In their research, Dr Kaplan’s team uncovered another alarming poultry industry concern.
They found resistance in the vector for blackhead disease, a very serious disease in turkey and also a disease which impacts the health and productivity of chickens. Blackhead is caused by a protozoa spread by roundworm Heterakis gallinarum, and control of this pathogen relies on controlling the worm.
Meanwhile, there is research occurring into various plant extracts that may offer new opportunities for controlling poultry helminths, including those showing resistance to synthetic drugs. This is outlined in a paper published in early 2022 by a team in Uganda, including Gerald Zirintunda, a PhD student under the supervision of Dr James Acai-Okwee at the College of Veterinary Medicine and Biosecurity of Makerere University.
Interest is growing in plant-based anthelmintics, they explain, as they are considered safer than synthetic treatments – and some could be as, or more, effective than synthetics and cheaper to produce.
Plants from a broad range of species produce a wide variety of compounds that are potential anthelmintic. For example, phenolic acids in Brassica species have been shown to affect worm cell signalling pathways and gene expression. Other options, explains Zirintunda, “could be in the plant candidates that have been proposed as effective in other animal species and yet not experimentally tried in poultry.”
There is much to research, because although plant extracts may be cheap, effective and accessible, their degree efﬁcacy is unknown and some may have toxicity levels that affect bird health. Zirintunda and his colleagues note that the phytochemical composition of plant-based medicinal compounds is highly variable.
However, some plant and yeast-based anthelmintics have already been shown to be efficacious even against albendazole-resistant helminths, but potential efficacy against other forms of drug resistance – and also potential toxicity – of these compounds is not yet known. “Our project will be studying the toxicity of some plant anthelmintics in Swiss albino mice this year,” says Zirintunda.

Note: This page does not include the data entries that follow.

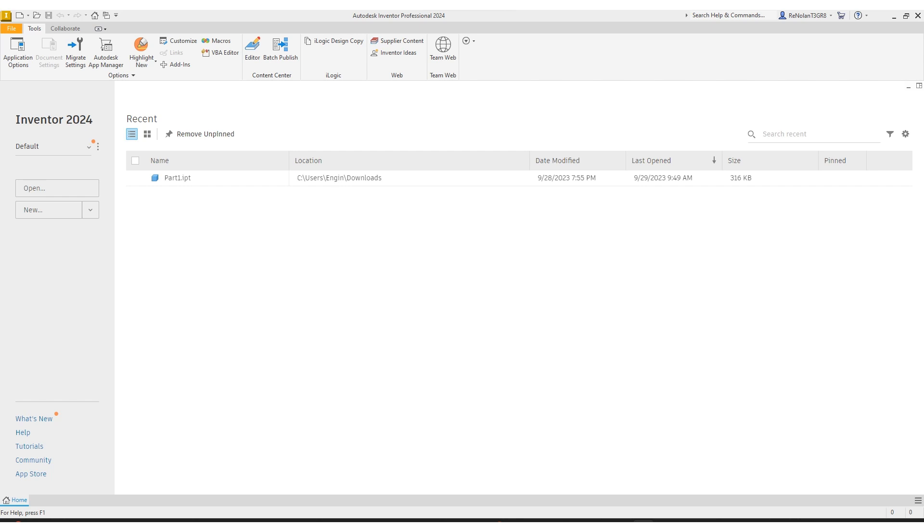Welcome to Autodesk Inventor Professional. On the left side of your screen, you'll see three dots, and that's your settings. That's how you're going to access settings that'll change generic software-wide things.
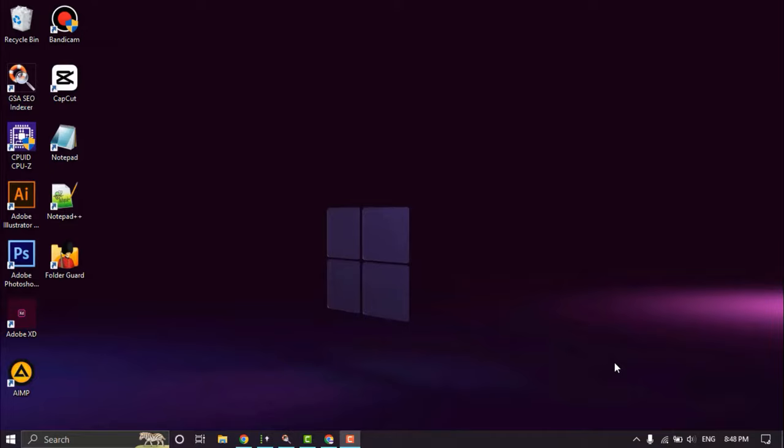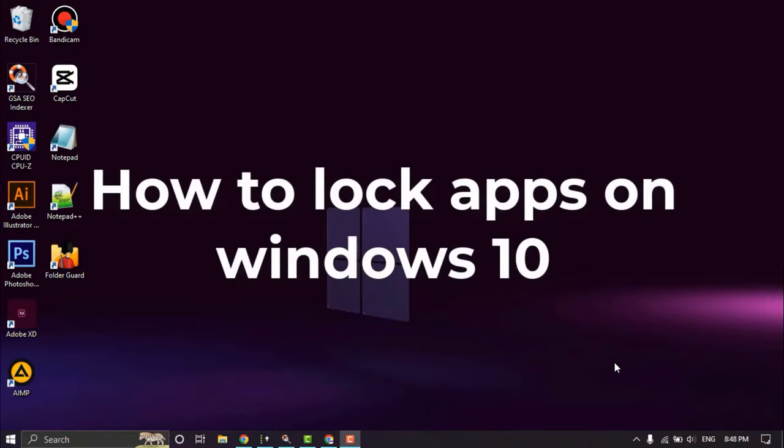This way we can share our computer with others without worrying about privacy. In this video, I will show how to lock apps on Windows 10.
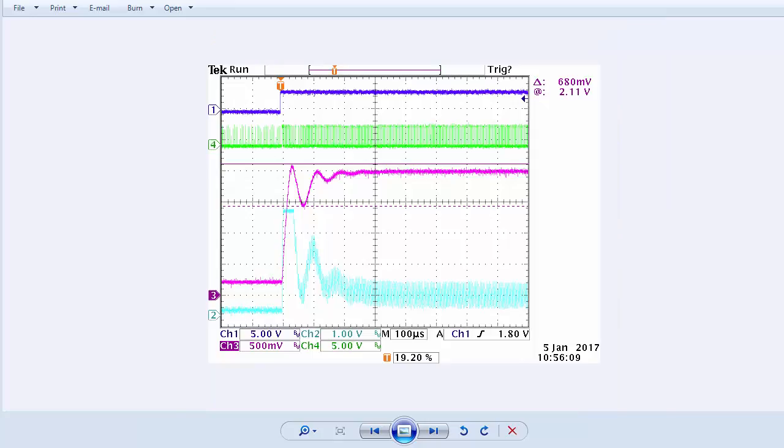Here is compensator number one with a large setpoint step change. The top trace is the scope trigger, the next trace is the PWM timer pulses, basically the plant input.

Looking forward, he notes that “there is a need to test the available alternatives of phyto-anthelmintics, nano-anthelmintics, natural-synthetic combinations and different natural combinations against all forms of anthelmintic resistances. There is also a need to study the process of development of resistance at a molecular level to guide the making of a new generation of anthelmintics.”
Zirintunda also says the factors that enable poultry to naturally reduce, and resist helminth infection are also important to emphasise in poultry production. These include appropriate nutrition, breeding and housing.
References are available on request.